*REQUIREMENT*
Only the line containing "Image 3 : *Old" and those after it, up to the end of the records below, are to be set down, exactly as written.

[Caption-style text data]
____

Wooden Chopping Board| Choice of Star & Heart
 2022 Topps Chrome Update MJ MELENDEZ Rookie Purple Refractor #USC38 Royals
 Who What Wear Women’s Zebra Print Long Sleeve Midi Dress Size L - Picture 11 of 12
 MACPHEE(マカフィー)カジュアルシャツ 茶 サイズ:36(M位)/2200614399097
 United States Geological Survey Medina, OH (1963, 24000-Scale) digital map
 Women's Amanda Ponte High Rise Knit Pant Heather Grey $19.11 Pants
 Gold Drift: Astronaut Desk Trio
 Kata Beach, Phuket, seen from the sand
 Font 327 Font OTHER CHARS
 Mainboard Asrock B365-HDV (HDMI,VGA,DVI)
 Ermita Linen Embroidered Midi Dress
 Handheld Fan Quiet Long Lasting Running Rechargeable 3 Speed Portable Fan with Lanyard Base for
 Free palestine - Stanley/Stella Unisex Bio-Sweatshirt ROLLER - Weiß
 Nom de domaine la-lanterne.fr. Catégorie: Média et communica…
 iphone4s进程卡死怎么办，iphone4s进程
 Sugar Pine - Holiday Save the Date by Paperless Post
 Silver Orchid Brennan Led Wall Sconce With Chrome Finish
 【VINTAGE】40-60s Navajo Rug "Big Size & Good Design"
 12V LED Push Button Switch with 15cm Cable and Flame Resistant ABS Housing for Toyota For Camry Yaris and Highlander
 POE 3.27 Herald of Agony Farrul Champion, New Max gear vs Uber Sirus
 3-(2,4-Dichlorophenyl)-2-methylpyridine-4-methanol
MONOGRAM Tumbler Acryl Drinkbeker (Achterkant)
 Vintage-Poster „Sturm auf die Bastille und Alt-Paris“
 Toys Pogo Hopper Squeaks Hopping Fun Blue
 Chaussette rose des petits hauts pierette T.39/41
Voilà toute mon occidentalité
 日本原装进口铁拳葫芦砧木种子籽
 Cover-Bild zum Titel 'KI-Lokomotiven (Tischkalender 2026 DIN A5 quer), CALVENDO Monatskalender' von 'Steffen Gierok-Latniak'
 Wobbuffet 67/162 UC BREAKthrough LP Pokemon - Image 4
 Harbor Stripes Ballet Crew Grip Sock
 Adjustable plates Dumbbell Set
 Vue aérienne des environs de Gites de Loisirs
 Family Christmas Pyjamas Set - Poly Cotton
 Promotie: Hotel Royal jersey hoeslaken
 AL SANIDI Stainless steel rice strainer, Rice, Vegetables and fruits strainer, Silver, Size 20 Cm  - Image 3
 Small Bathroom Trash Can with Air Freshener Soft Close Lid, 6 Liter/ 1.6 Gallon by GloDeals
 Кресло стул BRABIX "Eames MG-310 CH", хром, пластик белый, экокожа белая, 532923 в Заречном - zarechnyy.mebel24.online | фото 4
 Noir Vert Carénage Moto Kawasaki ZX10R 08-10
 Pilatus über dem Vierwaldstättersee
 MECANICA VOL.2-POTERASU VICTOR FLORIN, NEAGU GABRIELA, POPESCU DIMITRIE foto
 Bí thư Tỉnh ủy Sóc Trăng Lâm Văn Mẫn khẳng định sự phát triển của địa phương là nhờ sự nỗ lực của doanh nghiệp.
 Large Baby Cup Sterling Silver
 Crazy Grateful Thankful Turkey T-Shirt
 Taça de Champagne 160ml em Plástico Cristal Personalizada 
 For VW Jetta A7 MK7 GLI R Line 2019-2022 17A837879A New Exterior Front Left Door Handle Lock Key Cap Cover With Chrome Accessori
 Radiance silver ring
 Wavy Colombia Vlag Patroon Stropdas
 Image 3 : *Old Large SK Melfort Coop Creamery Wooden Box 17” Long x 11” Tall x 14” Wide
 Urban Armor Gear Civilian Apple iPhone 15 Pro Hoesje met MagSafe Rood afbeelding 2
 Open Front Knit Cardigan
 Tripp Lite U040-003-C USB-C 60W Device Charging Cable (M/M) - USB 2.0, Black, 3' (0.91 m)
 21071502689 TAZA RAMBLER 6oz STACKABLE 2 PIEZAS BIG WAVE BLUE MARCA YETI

____

*RESULT OF THIS EXERCISE*
 Image 3 : *Old Large SK Melfort Coop Creamery Wooden Box 17” Long x 11” Tall x 14” Wide
 Urban Armor Gear Civilian Apple iPhone 15 Pro Hoesje met MagSafe Rood afbeelding 2
 Open Front Knit Cardigan
 Tripp Lite U040-003-C USB-C 60W Device Charging Cable (M/M) - USB 2.0, Black, 3' (0.91 m)
 21071502689 TAZA RAMBLER 6oz STACKABLE 2 PIEZAS BIG WAVE BLUE MARCA YETI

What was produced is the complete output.